John Prendergast is Co-founder of the Enough Project, an initiative to end genocide and crimes against humanity. During the Clinton administration, John was involved in a number of peace processes in Africa while he was director of African Affairs at the National Security Council and special advisor at the Department of State. John has also worked for members of Congress, the United Nations, humanitarian aid agencies, human rights organizations, and think tanks, as well as having been a youth counselor and basketball coach.
He has authored eight books on Africa, including Not on Our Watch, a New York Times bestseller and NAACP non-fiction book of the year that he co-authored with actor Don Cheadle. John is currently working on two new books for publication by Random House, one that focuses on his 25 years in the Big Brother program, and the other on human rights and peace activism.

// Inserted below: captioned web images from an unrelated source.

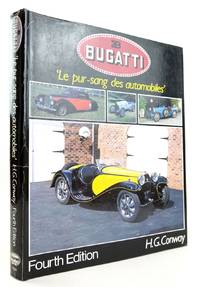 BUGATTI: LE PUR-SANG DES AUTOMOBILES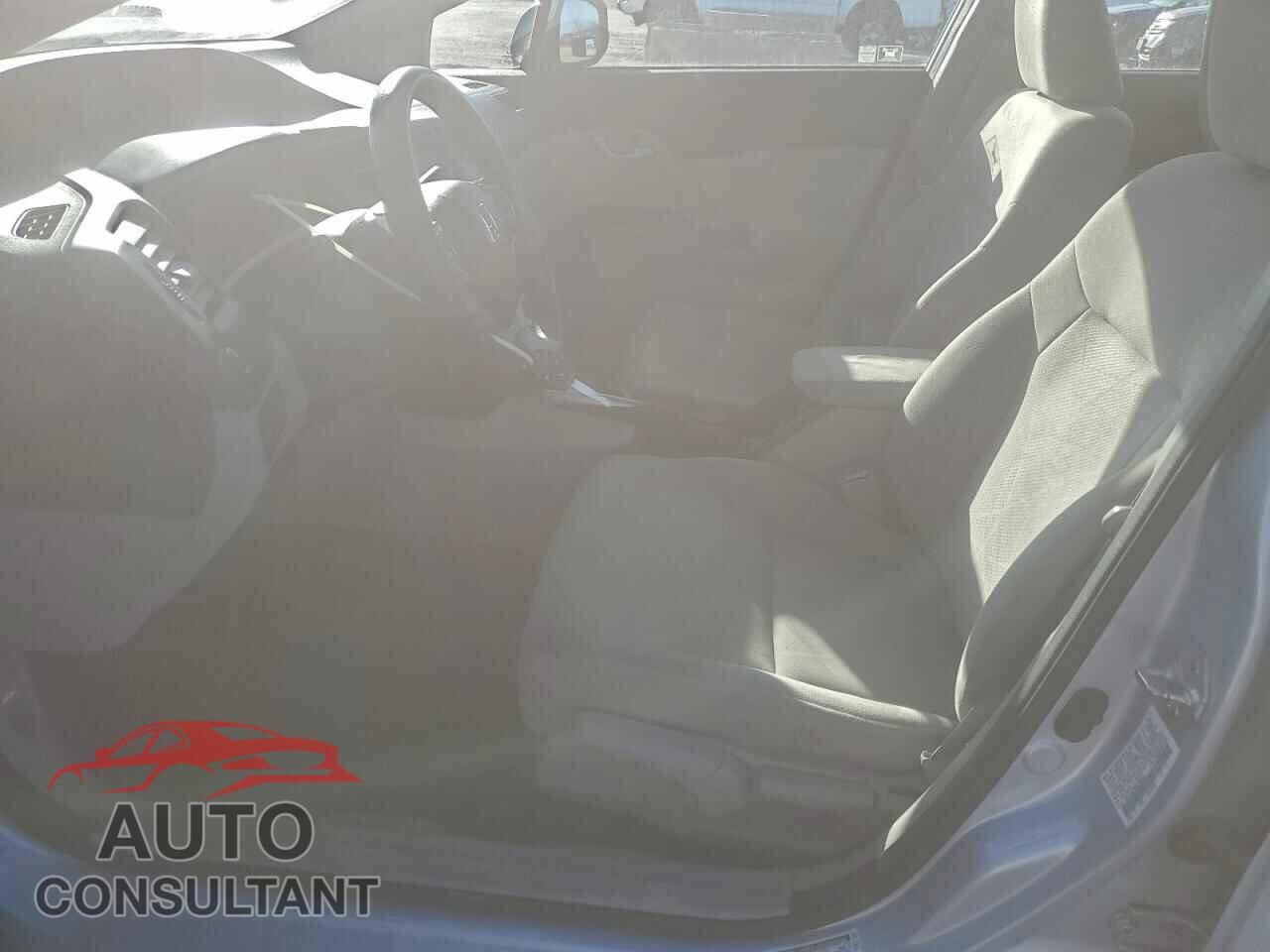 HONDA CIVIC 2012 - 19XFB2F58CE005641
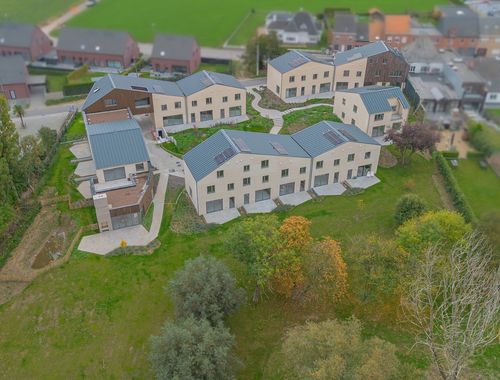                                         Woning te koop in Sint-Lievens-Esse, € 387.400
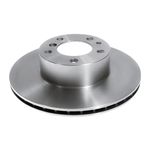 Disco de Freio Dianteiro Ventilado do BMW Serie 5 - Hipper Freios HF 926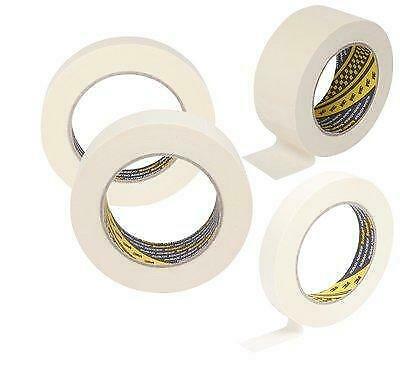 3M 06294 2328 SCOTCH MASKING TAPE 12/CTN PN06294 BEIGE 100mm, Doe-het-zelf en Bouw, Verf, Beits en Lak, Nieuw, Verzenden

John travels regularly to Africa's war zones on fact-finding missions, peace-making initiatives, and awareness-raising trips. He is part of a fellowship program at St. Mary's College in Maryland, a is also a visiting professor at Eckerd College and the American University in Cairo.
- Founding Dean Headley Interviews Africa Policy Expert John Prendergast
- Optimism regarding Africa today, and hope for its future
- Deciding which global issues to support
- The role of women
- Preparing to become future peacebuilders
- The need for academic education and practical training
- The role of the media
- Athletics promoting peace building
Miguel Sarre holds a law degree from Escuela Libre de Derecho in Mexico City and a LLM from Notre Dame Law School. After practicing law and working for an NGO for several years, Sarre developed Mexico’s first ombudsman experience, which took place in the State of Aguascalientes from 1988 to 1990. Once Mexico’s National Ombudsman Office was created, he joined it and served on its directive posts from 1991 to 1996. In 2003 he was one of the four selected consultants who drafted the Diagnostic on the Human Rights Situation in Mexico on behalf of the Representative for the United Nations High Commissioner for Human Rights. Starting in 1977, he has been a professor at Instituto Tecnológico Autónomo de México (ITAM ) in Mexico City, where he teaches Civil and Human Rights as well as Criminal Law. At ITAM he also conducts a watchdog program on the National Ombudsman Office with a grant from MacArthur Foundation. He is currently a member of the United Nations Subcommittee on Prevention of Torture and Other Cruel, Inhuman or Degrading Treatment or Punishment. His main fields of research and commitment are Human Rights, law and order issues, performance of local courts, and the development of a fair and efficient criminal justice system in Mexico.